Blockchain technology creates a viable, decentralised record of transactions – the distributed ledger – which allows the substitution of a single master database. It keeps an immutable record of all transactions, back to the originating point of a transaction. This is also known as the provenance, which is essential in trade finance, allowing financial institutions to review all transaction steps and reduce the risk of fraud.

These and many more were discussed at “The Economics of Blockchain” on the 8th of January, 2019.
The first Ingressive Ecosystem Hangout of the year, was a one off edition as we hosted industry leaders and  experts to engage in a discussion about the state of blockchain and fintech in Nigeria, at Venia Business Hub in Lekki.
Fintech in Nigeria seems to overshadow many other areas of the tech scene for some very convincing reasons. Innovation in fintech could unlock intercontinental trade and introduce a new Africa to the global stage. The introduction blockchain, with its inherent security and transparency, may be the missing piece to a much needed solution.

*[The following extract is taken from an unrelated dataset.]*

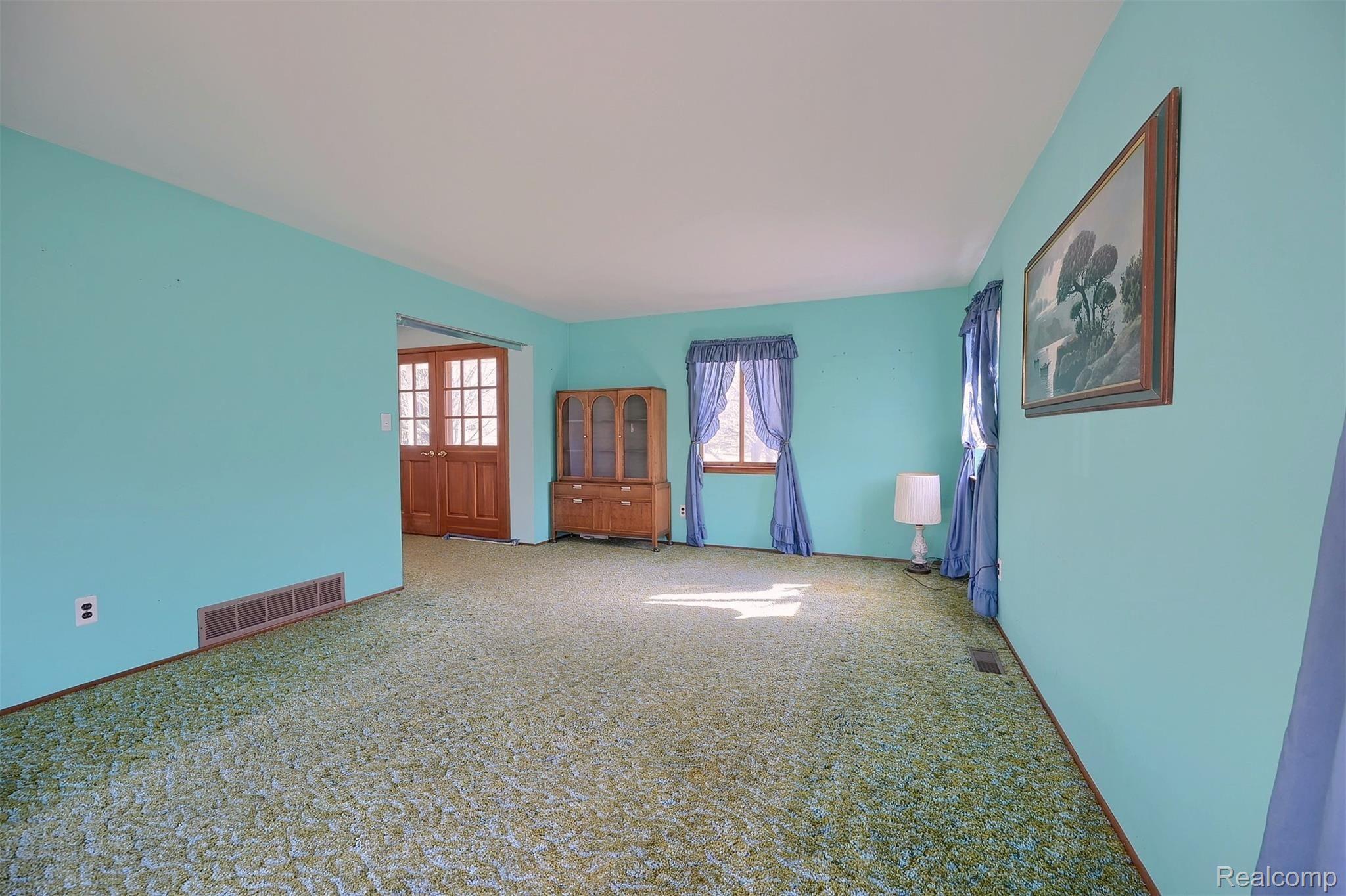 54400 9 Mile Road South Lyon, MI 48178 - Photo 6 of 37 6-Living-Room-2nd-View.jpg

This closed event hosted experienced members of the Nigerian tech community active in the areas of fintech,blockchain, cryptocurrency, and/or the banking sector .

This closed event hosted experienced members of the Nigerian tech community active in the areas of fintech,blockchain, cryptocurrency, and/or the banking sector.

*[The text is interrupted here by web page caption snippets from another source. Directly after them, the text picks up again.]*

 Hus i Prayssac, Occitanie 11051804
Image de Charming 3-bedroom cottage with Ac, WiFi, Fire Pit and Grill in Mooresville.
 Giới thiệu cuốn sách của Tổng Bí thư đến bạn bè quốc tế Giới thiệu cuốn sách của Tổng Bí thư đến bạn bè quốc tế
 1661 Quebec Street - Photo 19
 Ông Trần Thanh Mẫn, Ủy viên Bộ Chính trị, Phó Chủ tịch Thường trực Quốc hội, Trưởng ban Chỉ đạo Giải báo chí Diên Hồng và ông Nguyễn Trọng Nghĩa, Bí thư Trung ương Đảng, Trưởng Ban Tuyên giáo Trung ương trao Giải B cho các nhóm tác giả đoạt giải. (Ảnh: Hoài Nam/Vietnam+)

Here is a detail about the ideas shared at the event

The application of blockchain also offers a far better means of establishing and proving identity than present day systems. Blockchain technology greatly simplifies the direct transfer of trade assets and increases confidence in their provenance. This is achieved through providing unique, non-forgeable identities for assets, along with an inviolable record of their ownership. The result is an opportunity for additional financing services based on the trade of physical goods.

Who are the major providers (ICT, Fintech, Blockchain, Telco)?

  • Binance Labs

  • Interswitch

  • Yuno

  • Quidax

  • Youverify

  • Paystack

  • Flutterwave


What are the missing pieces and pain points of the African fintech puzzle?

It was identified that there are not many people who know about blockchain yet, in Nigeria. Some of the solutions proposed was that the country and continent needs to invest in building technical talent for blockchain.

What is the status quo and the future of crypto currencies in Nigeria?

The current state and future of cryptocurrencies in Nigeria was also discussed, below are the highlights:

  1. Highly speculative, Highly volatile.

  2. Merchant acceptance.

  3. Deep made people move out of cryptocurrency.

  4. More people got into cryptocurrency in 2018 than other previous years


What are the financial implications of blockchain?

  • For crypto currency like Bitcoin, it adoption in commerce is hinged on the fact that people feel it is too risky. Merchants feel like it doesn’t have an actual value just perceived value so it will be difficult to use it as a standard value for exchange of commodity.

  • It will help government to track taxes easily.

  • Blockchain will solve the problem of global payments

  • It will remove dishonesty in the system


It ended as an enlightening event at the Venia Hub, the conversation continued over refreshment and networking.